Aim of the task
After finding the line with "112-year-old White Sox" in the entries below, copy that line and each one after it exactly, through the last line, and omit pictures.
--
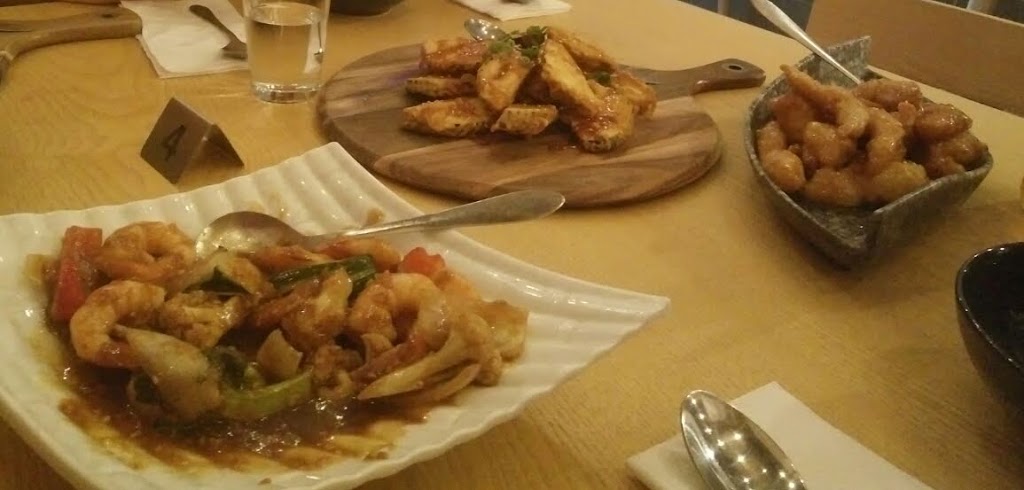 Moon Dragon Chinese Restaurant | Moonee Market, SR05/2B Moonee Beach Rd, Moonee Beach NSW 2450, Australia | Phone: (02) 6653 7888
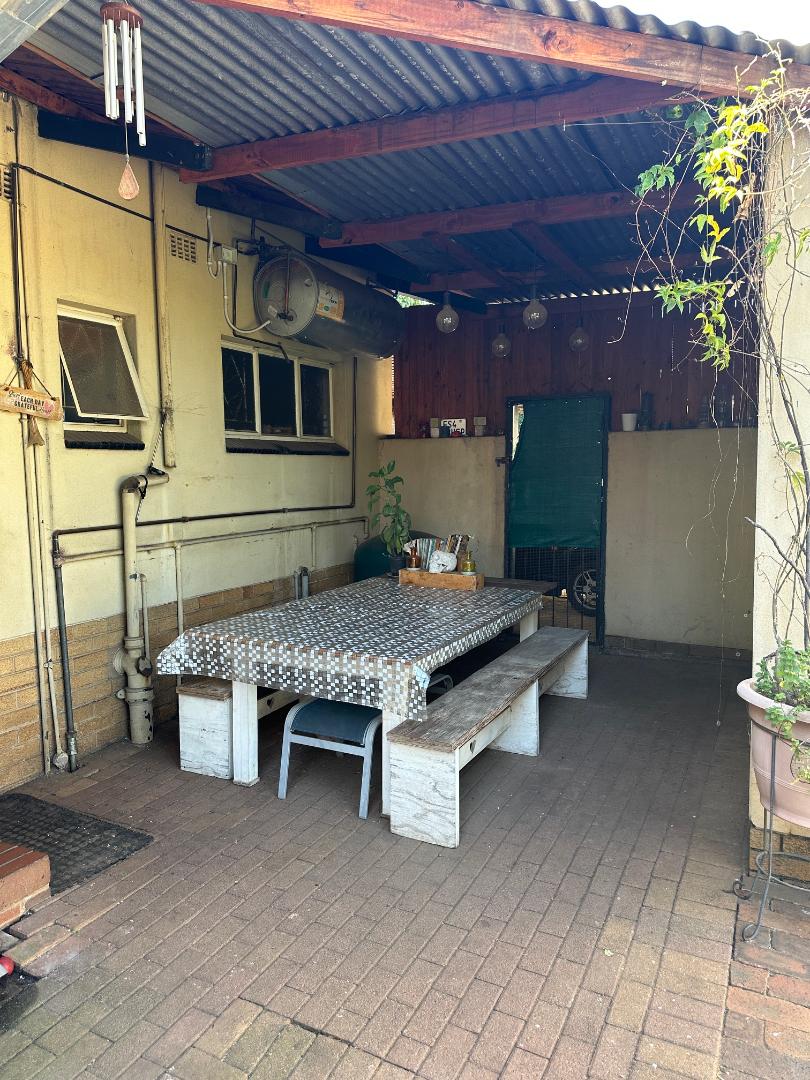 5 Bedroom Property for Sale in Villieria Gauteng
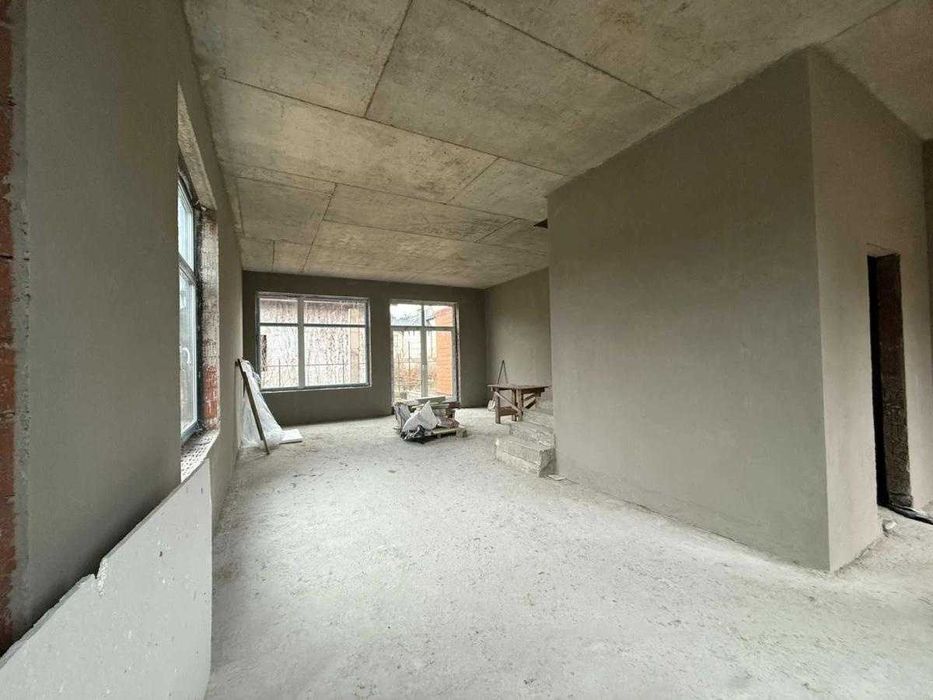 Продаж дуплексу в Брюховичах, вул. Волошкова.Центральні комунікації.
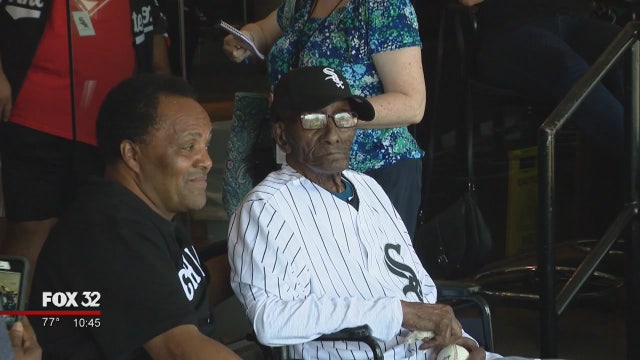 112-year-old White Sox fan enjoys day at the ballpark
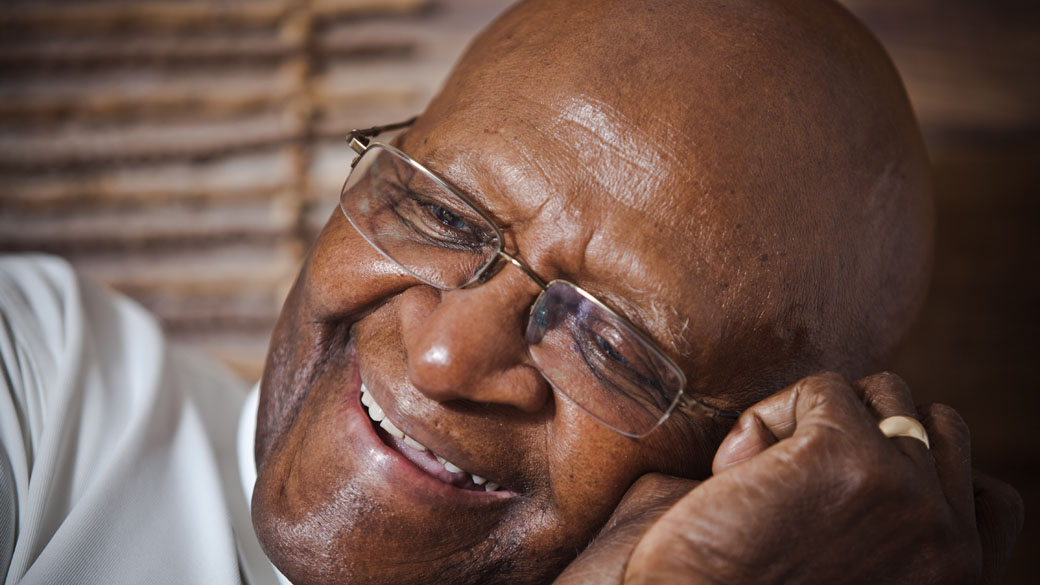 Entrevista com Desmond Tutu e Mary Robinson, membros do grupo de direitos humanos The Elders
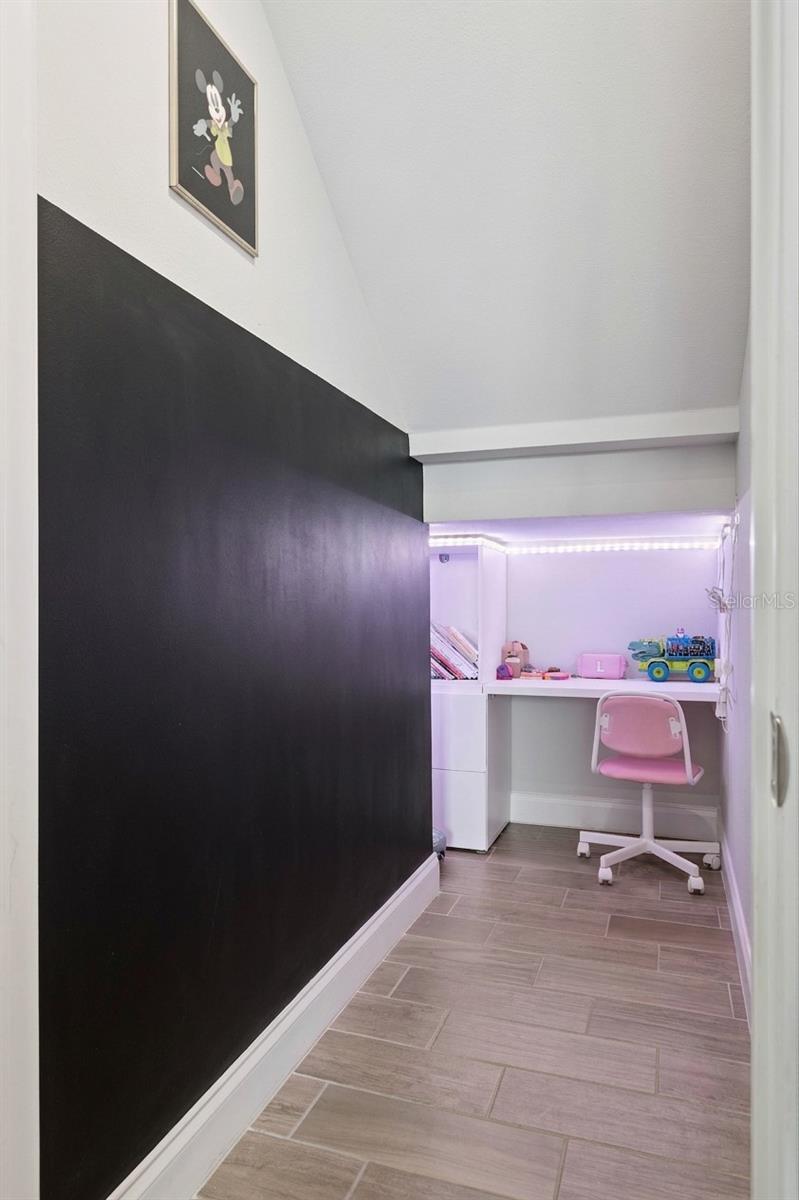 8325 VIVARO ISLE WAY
--
Problem solution
 112-year-old White Sox fan enjoys day at the ballpark
 Entrevista com Desmond Tutu e Mary Robinson, membros do grupo de direitos humanos The Elders
 8325 VIVARO ISLE WAY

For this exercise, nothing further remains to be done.